I would rather have the board stay heated for twice as long then to wait for it to cool and heat it again. That way the heat and the wax have a better chance at soaking completely into the board.


----------



## earl_je (Oct 20, 2009)

If I have time, I actually run the iron on the board twice. first to spread, let the wax cool, then rewarm it again.
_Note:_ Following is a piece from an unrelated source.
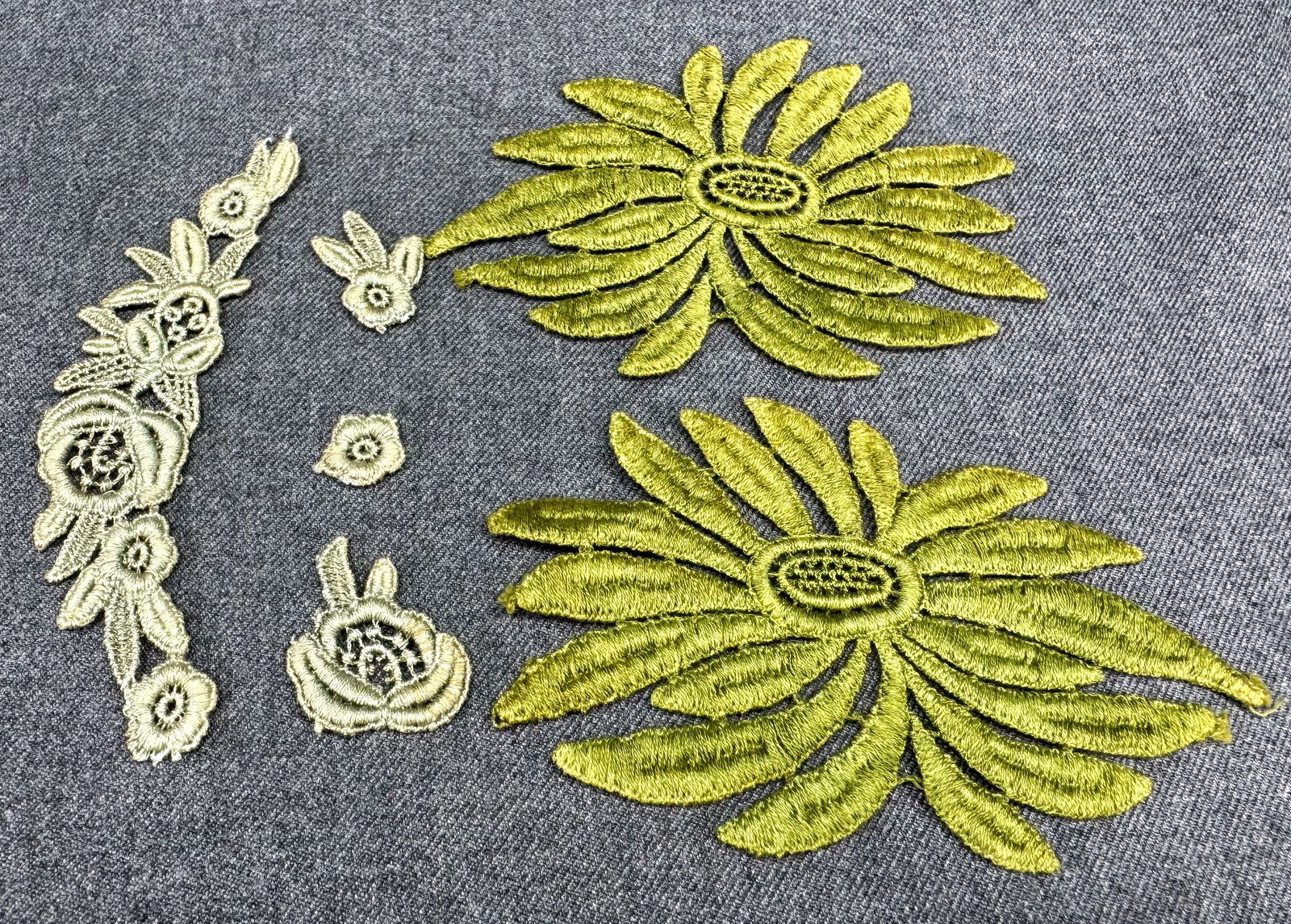 Vintage nile green flowers appliques for sewing crafts. Lot of 6. Unused: IN HOUSE FLAT SHIPPING & HANDLING COST WITHIN ALL THE U.S. : 7 To bypass LiveShipping, and use our In-House shipping service for 7 or shipping combined for multiple lots, please select “Arrange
For some reason, some wax brands flake a bit if I do this, idk why


----------



## legallyillegal (Oct 6, 2008)

the wax doesn't care how many times you heat it


----------



## Ghost_Rider_X (Oct 16, 2009)

mtmgiants said:


> hey sorry so I guess what I am asking is if I hot wax it so the pores open up and take in wax then I let it dry, would it be beneficial to heat up the dry wax left on top to try and get more wax in the pores of the board or would the pores not absorb any more wax?



that's how i like to do it. most people will say the board will not absorb any more wax, but i don't think that's the case. i like to wax, wait 30 minutes, re-wax, wait 30 minutes then scrape. this gives the board twice as much time to absorb wax and also you're less like to miss a spot if you do it twice.


----------